Joel Scambray, a principal IT security evangelist at Cigital, says security should be implemented “early and often.”
He adds that it behooves engineers to consider security at the earliest phases of development, particularly in the design phase. There are already recognized practices around secure design, including processes like threat modeling that can help engineering teams clarify their designs to mitigate relevant risks, instead of just throwing in catch-all security controls.
“Another good resource for secure design is the IEEE Center for Secure Design, which has gathered some prominent organizations to collect data about and promote secure design principles,” Scambray adds. “Beyond the design phase, it’s important to integrate security into all the other key ‘touch points’ along the development lifecycle. Some of the most recognized touch points include secure code review and static analysis after code completion milestones, and penetration testing during the QA phase, and ideally again before release to production.”
Kurt Kokko, chief technology officer of Signal Sense, an IT security firm located in Seattle, cautions that you should not wait to instill security into your IoT designs. He says that engineering teams should be thinking of security throughout the design process but must be aware that breaches can happen at any time — including now.
“Fortunately, machine learning and neural networks are extremely good at monitoring IoT environments full of small, predictable, controller-based devices — just learning behavioral norms and noting deviations, all day, every day,” says Kokko. “A network-centric approach to security that’s powered by machine learning is very well-suited to keeping IoT devices from becoming a jumping-off pad for malicious behavior.”
Barns points out that physical security is one of the hardest problems to solve in IoT. Product designers must use a measured approach and ensure there is just the right amount of security. If someone can break open their product and compromise just their own device, that’s an acceptable level of risk for many OEMs (original equipment manufacturers). “If somebody can crack open a device and compromise every device, that’s a major problem,” he says. “It’s all about setting what levels of risk you can accept as a business, and sticking to that no matter what.”
If IoT security is properly accommodated and addressed, it opens up new avenues for designs of today and tomorrow. The data and information that IoT endpoints allow will change the impact that decision makers will have in utilizing such data.
According to Shiner, when analyzing your cybersecurity exposure, the most effective way to protect against a breach is to leverage hardware roots of trust. Use such roots as your base anchor within endpoints.

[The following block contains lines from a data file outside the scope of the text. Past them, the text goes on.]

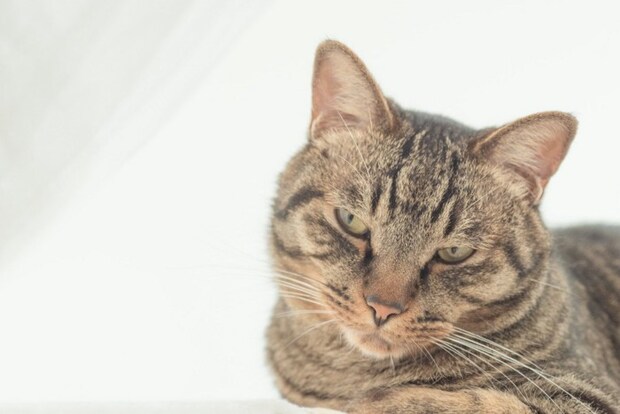 なにか言いたげな顔のキジトラ猫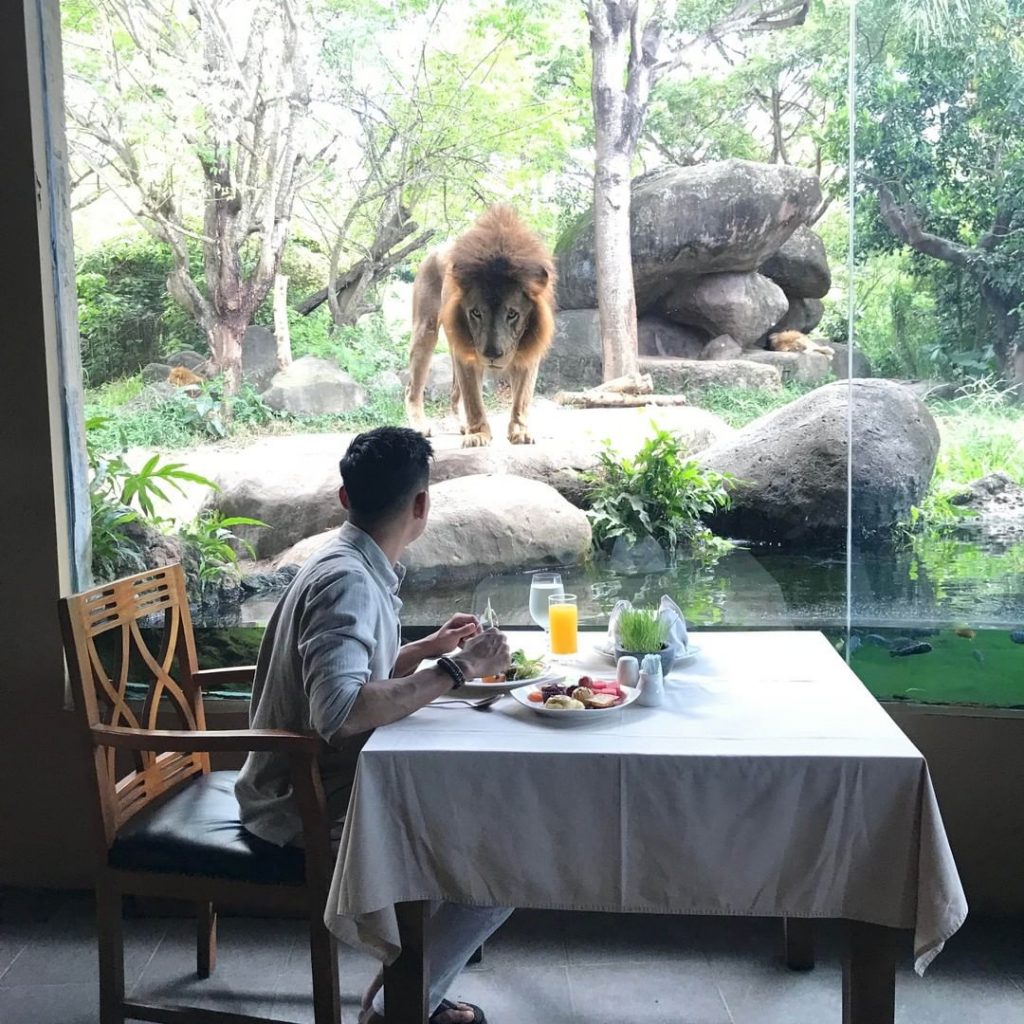 bali, bali safari and marine park, gianyar, review, lokasi, & harga tiket bali safari and marine park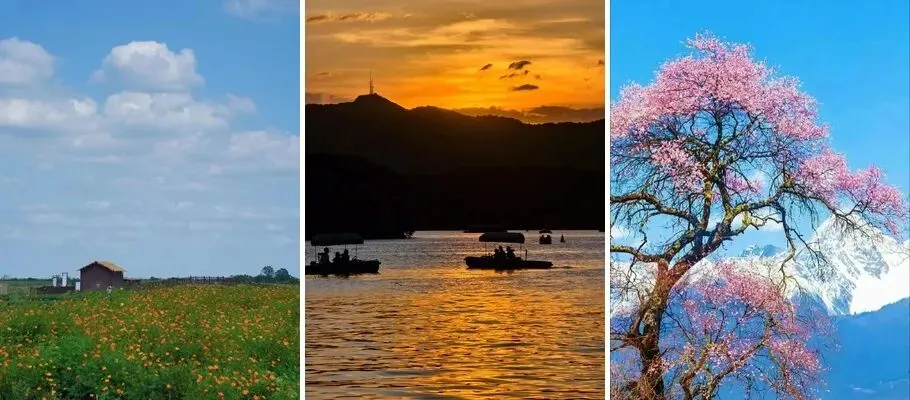 最适合2-3月旅游的7个地方,花最少的钱,看最早的春光!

“If done correctly, this can make a system nearly impenetrable,” says Shiner. “The most common belief among security professionals is that even their best security will be hacked. With this belief, the approach is different than just picking a solution. The solution in this case is multiple layers of security. As cybercrime evolves and new technology emerges to aide in these efforts, multiple hardware roots of trust provide the true in-depth defense needed to make the cost of the attack the deterrent.”